Salespeople seem to always have so much to do, yet never enough time to get it all finished. Recently, I met one-on-one with about 30 different salespeople over the course of a two-week period. During each of these meetings, the salespeople revealed that they could benefit from some priority management or time management lessons.
That got me thinking that this is something I bet many sales managers and sales teams could use. So I asked all of my colleagues at The Center for Sales Strategy (CSS) and LeadG2 for their best time management tips. Here's what we gathered.
24 Time Management Hacks for Busy Sales Reps
1. Do your paperwork at the end of the day.
2. Block off specific times of the week for important activities like prospecting, appointments, and proposals. Commit to doing nothing else during those times and don’t allow interruptions. Treat it like an appointment.
3. When you have an appointment scheduled, think about who else you could meet with in that area to save drive time. Try to have at least two appointments scheduled every time you leave the office.
4. When you need to focus, turn off phone and email.
5. Check your phone and email messages during designated times of the day, rather than constantly.
6. Get to the office 15 minutes early and use that time to get coffee and check email rather than starting your day 30 minutes later.
7. Prioritize your tasks based on what things are important, not just those which are urgent. Use the Strategic Square to track the tasks you need to complete and determine their priority.
8. Learn to tell people “no,” or, “not right now.” Your associates may not know what kinds of priorities you’re working on, so they may not ask for help at the most opportune times.

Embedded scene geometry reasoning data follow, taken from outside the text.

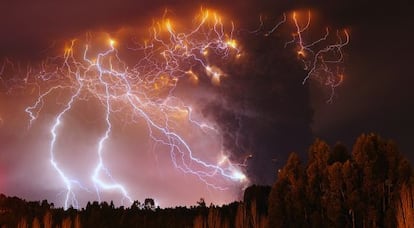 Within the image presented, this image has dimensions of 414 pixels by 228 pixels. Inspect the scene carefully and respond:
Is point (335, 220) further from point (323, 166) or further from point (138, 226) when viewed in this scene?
point (138, 226)

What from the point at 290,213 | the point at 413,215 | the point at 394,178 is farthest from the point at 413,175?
the point at 290,213

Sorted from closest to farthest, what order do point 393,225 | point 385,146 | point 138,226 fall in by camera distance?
1. point 393,225
2. point 385,146
3. point 138,226

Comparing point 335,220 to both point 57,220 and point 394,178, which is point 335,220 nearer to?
point 394,178

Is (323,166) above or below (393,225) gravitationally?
above

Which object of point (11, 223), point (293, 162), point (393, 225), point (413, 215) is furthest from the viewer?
point (11, 223)

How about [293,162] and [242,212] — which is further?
[242,212]

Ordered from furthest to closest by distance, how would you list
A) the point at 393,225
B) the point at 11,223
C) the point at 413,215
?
the point at 11,223 → the point at 393,225 → the point at 413,215

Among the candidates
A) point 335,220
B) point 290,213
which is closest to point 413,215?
point 335,220

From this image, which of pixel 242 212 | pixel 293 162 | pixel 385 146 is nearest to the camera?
pixel 385 146

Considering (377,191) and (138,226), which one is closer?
(377,191)
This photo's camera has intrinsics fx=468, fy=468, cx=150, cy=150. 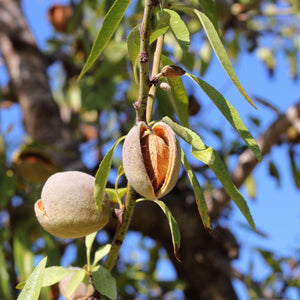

9. Keep an organizer in your trunk with all of the basic supplies you may need while you are out.
10. Set reminders in advance of meetings and appointments that provide you with a large enough window to prepare and get to meeting. The standard 15-minute reminder may not be enough.
11. Build routines in your day.
12. Use templates for emails and proposals. There is no reason to completely reinvent the wheel—ever. Just make small changes in order to customize your templates.
13. Find workarounds for the things that you struggle with or take you forever. Is there someone else that can help you and maybe you can do something else for them?
14. Hire an assistant. Consider pooling together with others or use an Internet-based support service to help with spreadsheets, reports, and design.
15. Make sure the prospects you call on have strong dollar potential.
16. Consider using a project management application like Basecamp.
17. Schedule phone appointments during times when you know you have a long drive in your car.
18. Make a to-do list daily and prioritize, making sure you do the things that will generate revenue first.
19. Use a day planning system like Franklin Day planner (either paper or online version) and assign A, B, and C priorities to your tasks so urgencies do not overtake priorities.
20. Make sure you prioritize every Key and Target Account as an “A” in the prioritizing so you attend to those first.
21. Set aside at least 10 minutes every morning or every night to do some planning in solitude.
22. Share your plans with your manager so they can support you and not interfere.
23. If you have access to a sales coordinator, use them more often.
24. Use an iPad to record notes after every client meeting and transfer them to your CRM at the end of that day.
These tips are the ones that we find really help us. Of course, sometimes the hardest thing is remembering to put these time management tips into practice. You might try focusing on just one or two each week, gradually building them into habits.